[Instructions for the task] The entries shown here must be retyped in full, with no pictures included.

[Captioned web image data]
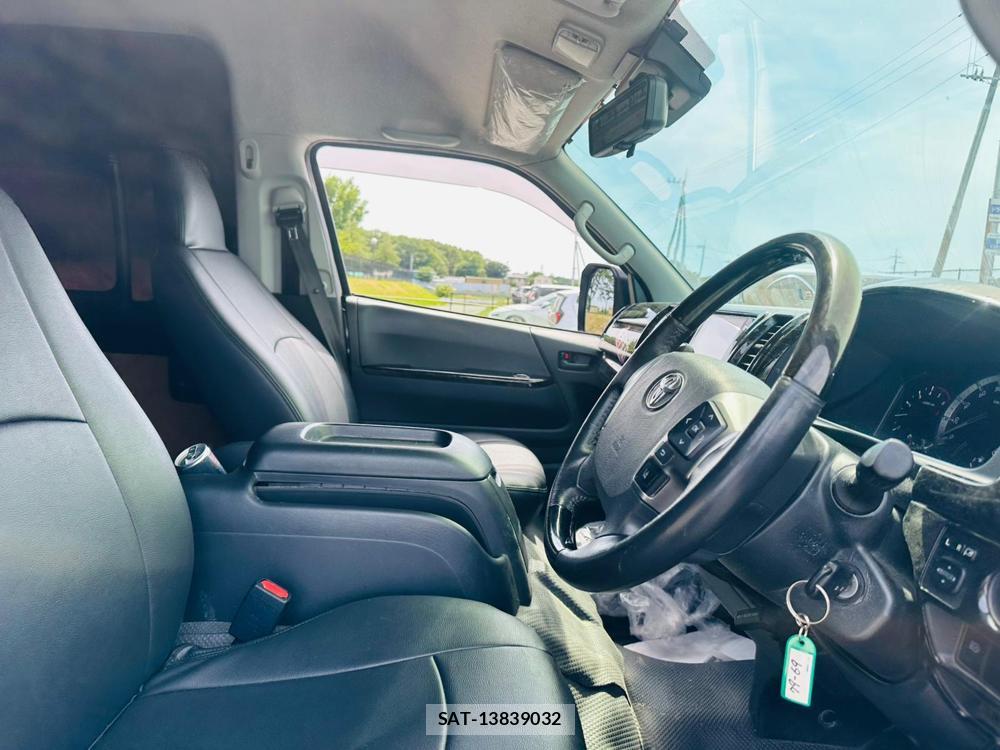 Toyota HIACE VAN 2020 6983499-10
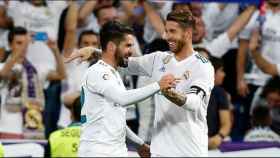 Sergio Ramos e Isco celebran juntos un gol del Real Madrid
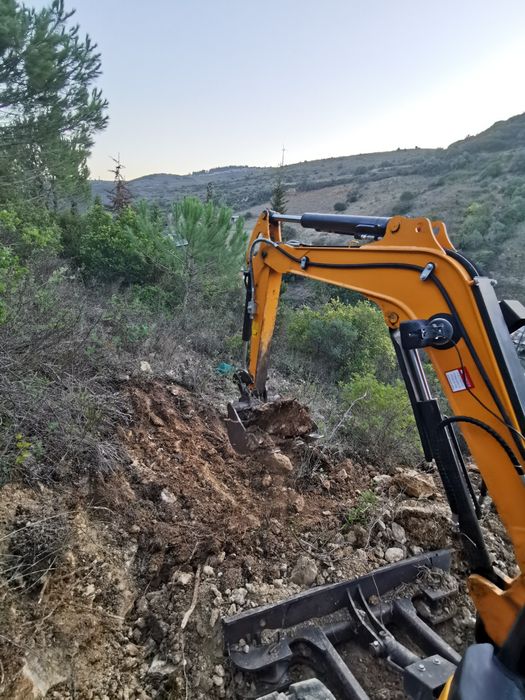 Aluguer / serviços de mini giratória e trator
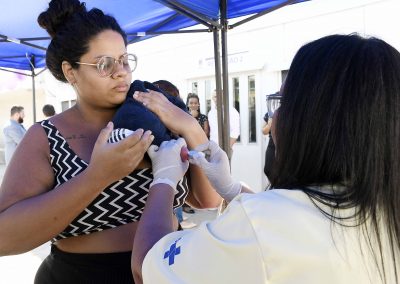 Recém-nascidos fazem o teste do pezinho em ação da Maternidade Mariana Bulhões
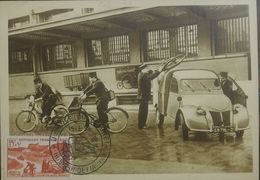 L) 1958 FRANCE, ALGERIA, PEOPLE, CARS, BIKES, DAY OF THE STAMP, MOTORIZED POSTAL DISTRIBUTION, RED, POST CARD - Maximum Cards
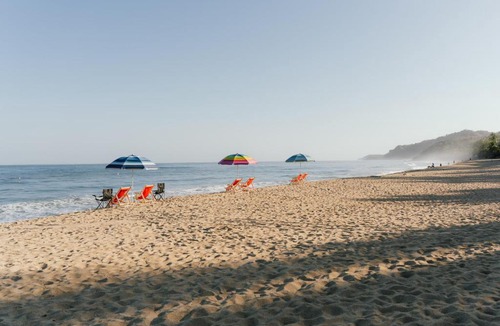 North End House | 3BR Family Condo, Pool, Walk to Beach – Sayulita | Casa de Paz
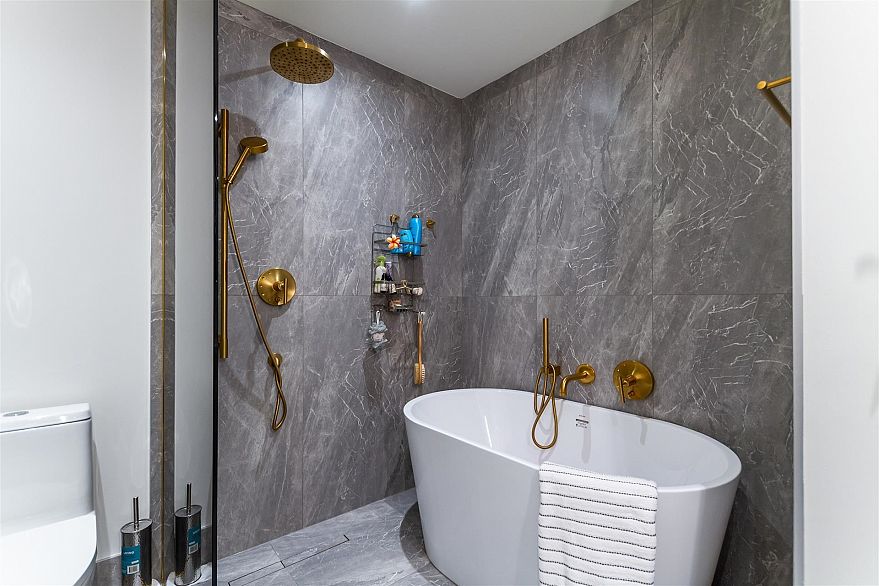 B 7061 Cypress Street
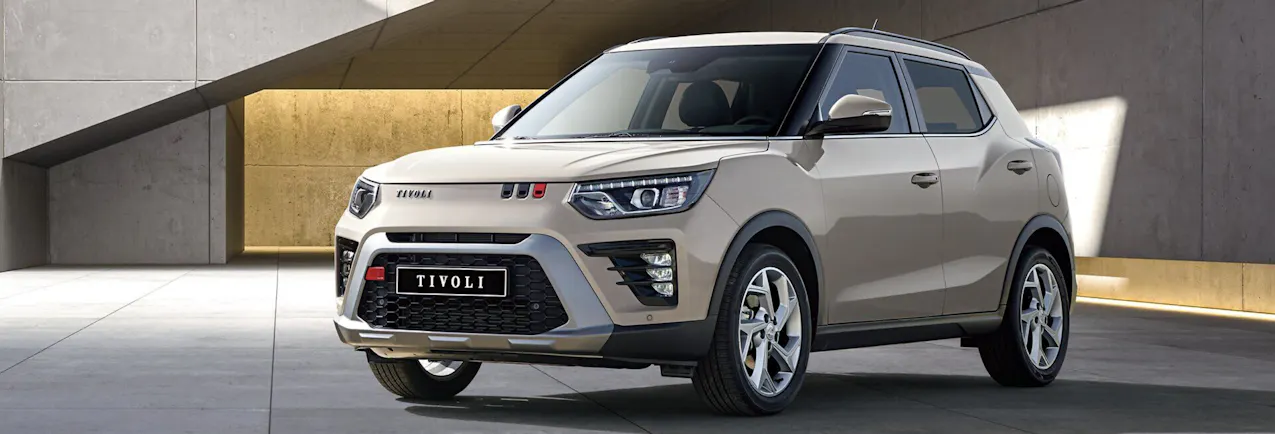 Une KGM Tivoli beige vue de face
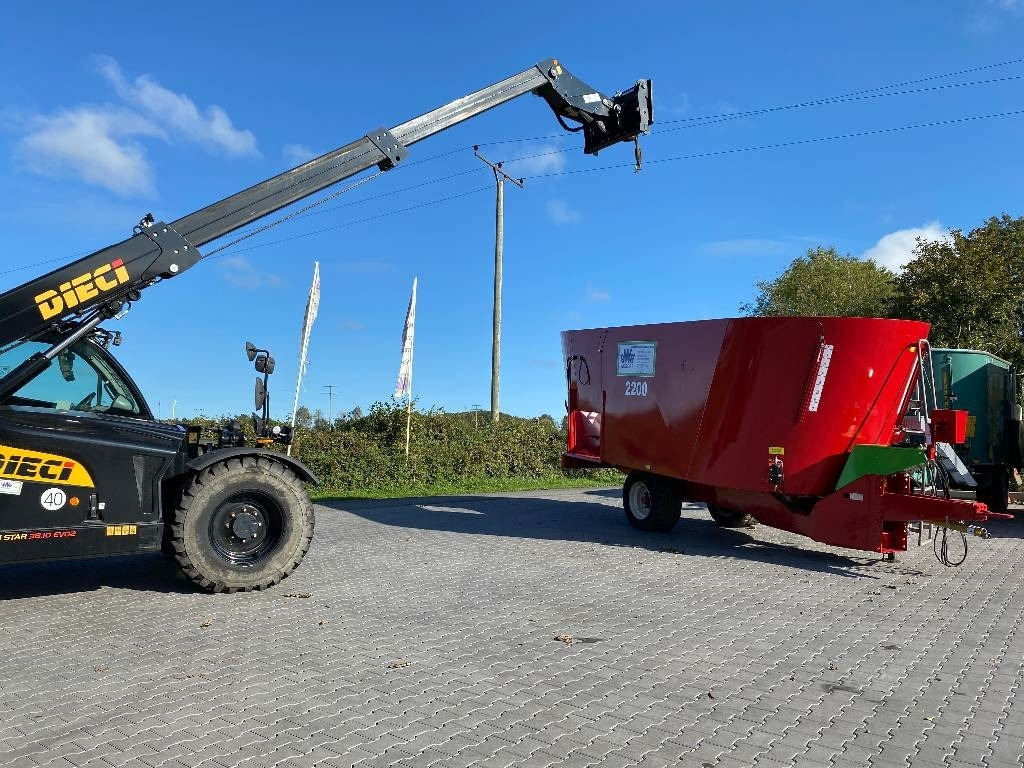 BvL Futtermischwagen - Remorcă distribuit furaje: Foto 3 BvL Futtermischwagen - Remorcă distribuit furaje: Foto 3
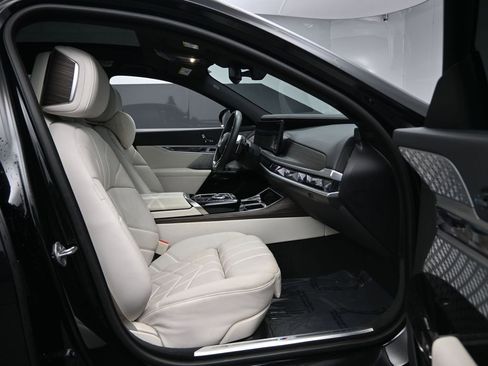 Used 2023 BMW 760i xDrive w/ Executive Package AWD/4WD image 32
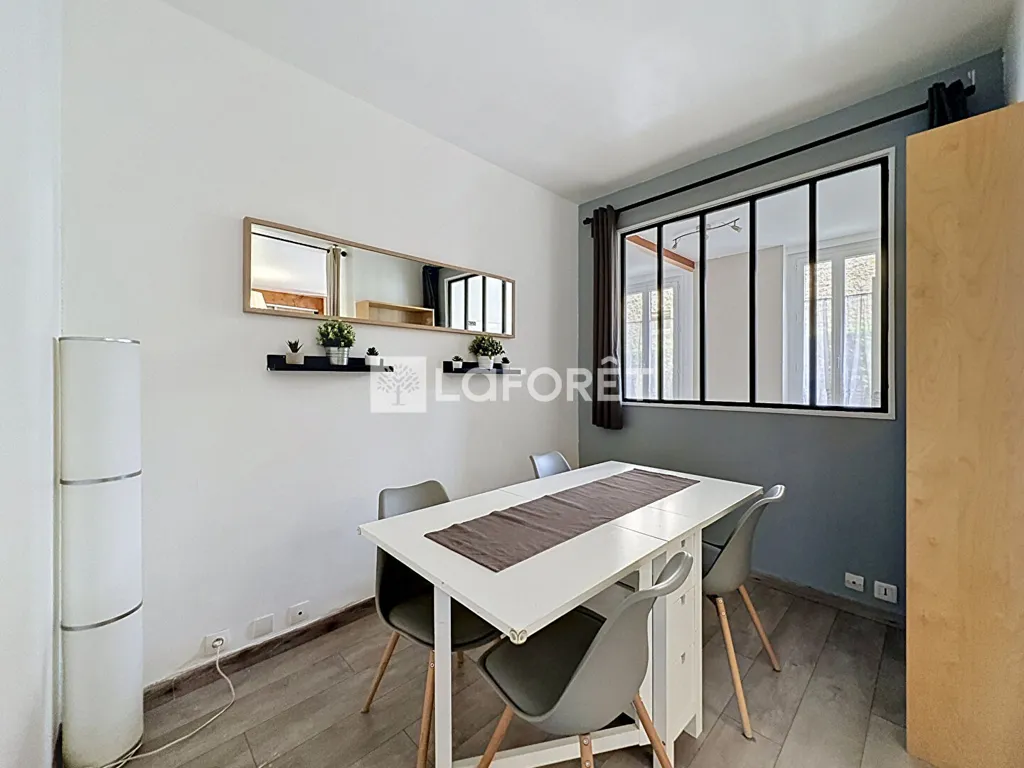 Salle à manger - Appartement Charmant à Enghien-les-Bains, Proche Gare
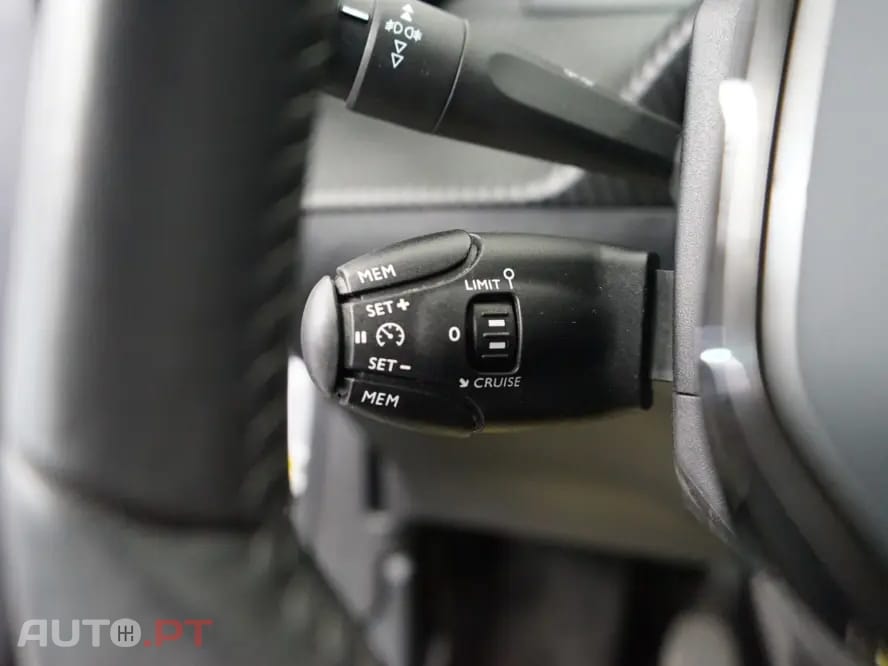 Peugeot 2008 PureTech 100 Style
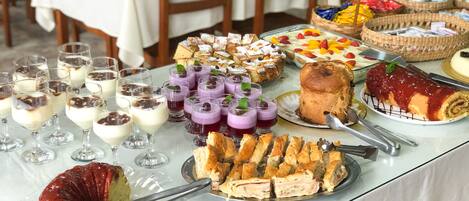 Desayuno bufé gratuito y diario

[Your solution]
 Toyota HIACE VAN 2020 6983499-10
 Sergio Ramos e Isco celebran juntos un gol del Real Madrid
 Aluguer / serviços de mini giratória e trator
 Recém-nascidos fazem o teste do pezinho em ação da Maternidade Mariana Bulhões
 L) 1958 FRANCE, ALGERIA, PEOPLE, CARS, BIKES, DAY OF THE STAMP, MOTORIZED POSTAL DISTRIBUTION, RED, POST CARD - Maximum Cards
 North End House | 3BR Family Condo, Pool, Walk to Beach – Sayulita | Casa de Paz
 B 7061 Cypress Street
 Une KGM Tivoli beige vue de face
 BvL Futtermischwagen - Remorcă distribuit furaje: Foto 3 BvL Futtermischwagen - Remorcă distribuit furaje: Foto 3
 Used 2023 BMW 760i xDrive w/ Executive Package AWD/4WD image 32
 Salle à manger - Appartement Charmant à Enghien-les-Bains, Proche Gare
 Peugeot 2008 PureTech 100 Style
 Desayuno bufé gratuito y diario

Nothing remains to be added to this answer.